Dans ces conditions, les adversaires de la taxe concluaient que le principe de résidence portait mal son nom puisqu'il introduit au contraire l'extraterritorialité de la taxe ; en effet, des parties étrangères à l 'Union étaient amenées à payer la taxe et des établissements financiers étrangers étaient requis pour encaisser la taxe et la verser à des fiscs étrangers. Le principe tel qu'il figurait dans le projet de la Commission leur paraissait donc assez difficile à appliquer. Il s'agissait d'une « mondialisation de fait » de la TTF, mais l'Union européenne peut-elle légiférer pour le reste du monde ?

La Commission maintient pour l'instant sa position en affirmant que le principe de résidence est le meilleur moyen d'éviter qu'on puisse échapper à la taxe ou délocaliser la transaction. Le principe de résidence, dans l'esprit de la Commission, implique que ce qui importe, ce n'est pas le lieu de la transaction, mais l'existence ou non d'un lien économique avec l'Union européenne. On peut donc considérer qu'il s'agit d'un principe particulièrement astucieux, répondant bien au risque éventuel de délocalisation des transactions, mais qu'il empiète sur la souveraineté fiscale des États tiers. Cependant, à défaut de délocaliser les transactions, les institutions financières pourront toujours se délocaliser elles-mêmes ou passer par leurs filiales.

L'empiétement sur la souveraineté fiscale des États tiers est apparu comme un défaut majeur qui condamnait le projet à se heurter au scepticisme ou à l'opposition de la majorité des États membres.
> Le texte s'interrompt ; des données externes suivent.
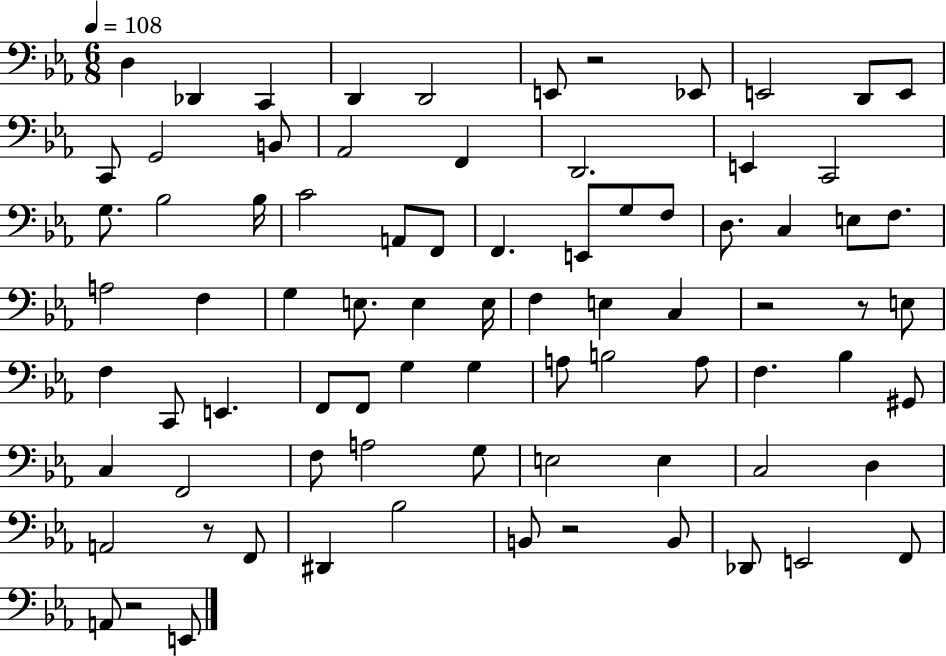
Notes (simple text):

D3/q Db2/q C2/q D2/q D2/h E2/e R/h Eb2/e E2/h D2/e E2/e C2/e G2/h B2/e Ab2/h F2/q D2/h. E2/q C2/h G3/e. Bb3/h Bb3/s C4/h A2/e F2/e F2/q. E2/e G3/e F3/e D3/e. C3/q E3/e F3/e. A3/h F3/q G3/q E3/e. E3/q E3/s F3/q E3/q C3/q R/h R/e E3/e F3/q C2/e E2/q. F2/e F2/e G3/q G3/q A3/e B3/h A3/e F3/q. Bb3/q G#2/e C3/q F2/h F3/e A3/h G3/e E3/h E3/q C3/h D3/q A2/h R/e F2/e D#2/q Bb3/h B2/e R/h B2/e Db2/e E2/h F2/e A2/e R/h E2/e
3. Des exonérations nécessaires mais insuffisantes

Une fois posés les principes généraux, le projet énumérait les exonérations :

- les transactions effectuées sur le marché primaire (pour ne pas gêner les États et les entreprises dans la satisfaction de leurs besoins de financement)

- les transactions effectuées avec les institutions européennes et les organismes internationaux

- les transactions effectuées avec les banques centrales des États membres.
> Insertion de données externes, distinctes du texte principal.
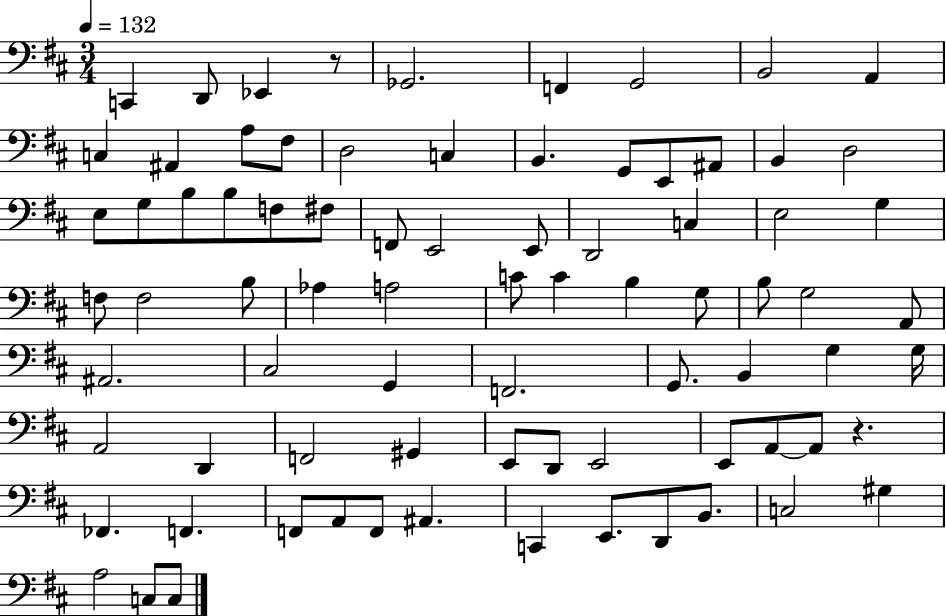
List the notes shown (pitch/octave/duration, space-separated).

C2/q D2/e Eb2/q R/e Gb2/h. F2/q G2/h B2/h A2/q C3/q A#2/q A3/e F#3/e D3/h C3/q B2/q. G2/e E2/e A#2/e B2/q D3/h E3/e G3/e B3/e B3/e F3/e F#3/e F2/e E2/h E2/e D2/h C3/q E3/h G3/q F3/e F3/h B3/e Ab3/q A3/h C4/e C4/q B3/q G3/e B3/e G3/h A2/e A#2/h. C#3/h G2/q F2/h. G2/e. B2/q G3/q G3/s A2/h D2/q F2/h G#2/q E2/e D2/e E2/h E2/e A2/e A2/e R/q. FES2/q. F2/q. F2/e A2/e F2/e A#2/q. C2/q E2/e. D2/e B2/e. C3/h G#3/q A3/h C3/e C3/e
Ces exonérations ont été jugées insuffisantes par certains États membres et même par le Parlement européen qui ont émis le souhait que des exonérations supplémentaires soient prévues pour s'assurer que les produits de l'épargne collective et individuelle ne soient pas systématiquement pénalisés par la future taxe.

4. Des taux faibles en apparence

La taxe était due au moment même où s'opérait la transaction et portait sur tout le prix des titres échangés de la transaction et pour les dérivés sur le montant notionnel. Les taux planchers proposés étaient de 0,1 % pour les actions et obligations et de 0,01 % pour les dérivés.
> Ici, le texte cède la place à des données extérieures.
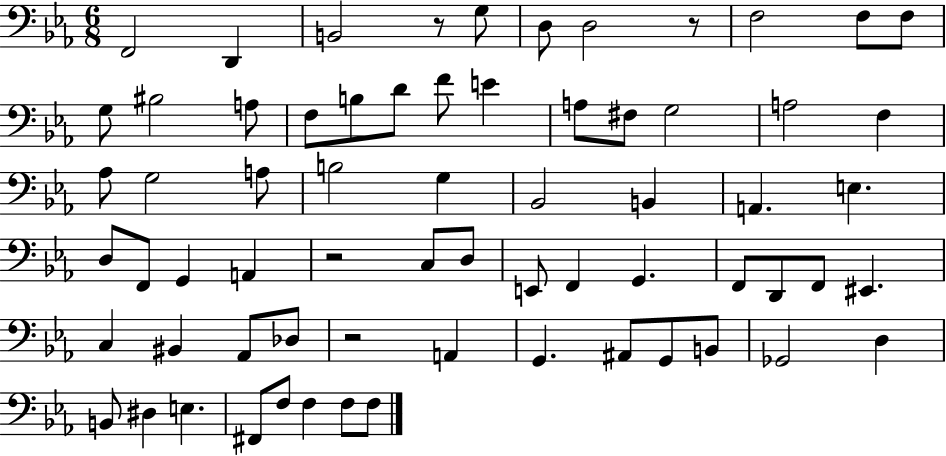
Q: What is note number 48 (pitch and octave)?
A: Db3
Le secteur financier a fait remarquer que les taux n'étaient faibles qu'en apparence, puisque l'effet de cascade propre aux transactions n'avait pas été pris en compte par la Commission. Ainsi un simple achat d'action à la Bourse entraîne des achats et des ventes entre plusieurs parties prenantes comprenant les courtiers et les chambres de compensation. A ce stade du projet, seule la centrale de compensation est exemptée du paiement de la taxe si bien qu'il faut ajouter aux taxes payées par l'acheteur et le vendeur celles qui seraient payées par les deux courtiers et les deux chambres de compensation, chaque fois à l'achat et à la vente, ce qui pourrait conduire jusqu'à un taux de 2,2 % pour une simple transaction. Cet effet de cascade sera peut-être corrigé dans le projet de coopération renforcée, mais dès le départ, il a naturellement joué contre le projet de directive. Pourtant, il n'entrait sans doute pas dans l'intention de la Commission pour qui la transaction n'est qu'un achat et une vente, les intermédiaires étant dispensés de la taxe. Mais cette exonération n'est pas clairement formulée pour l'instant.

La collecte de la taxe était mise à la charge des établissements financiers et le paiement était immédiat pour les transactions électroniques et dans le délai de trois jours pour les autres.

5. Le risque d'un impact négatif sur les marchés

La Commission déclarait s'attendre à un produit fiscal d'environ 55 milliards d'euros, à une chute de 20 % des transactions sur titres cotés et à une chute du trading à haute fréquence de 90 % sans grande conséquence sur le niveau de l'emploi et avec un impact positif sur l'efficacité des marchés financiers. L'ensemble de ces prévisions optimistes a été contesté par certains économistes.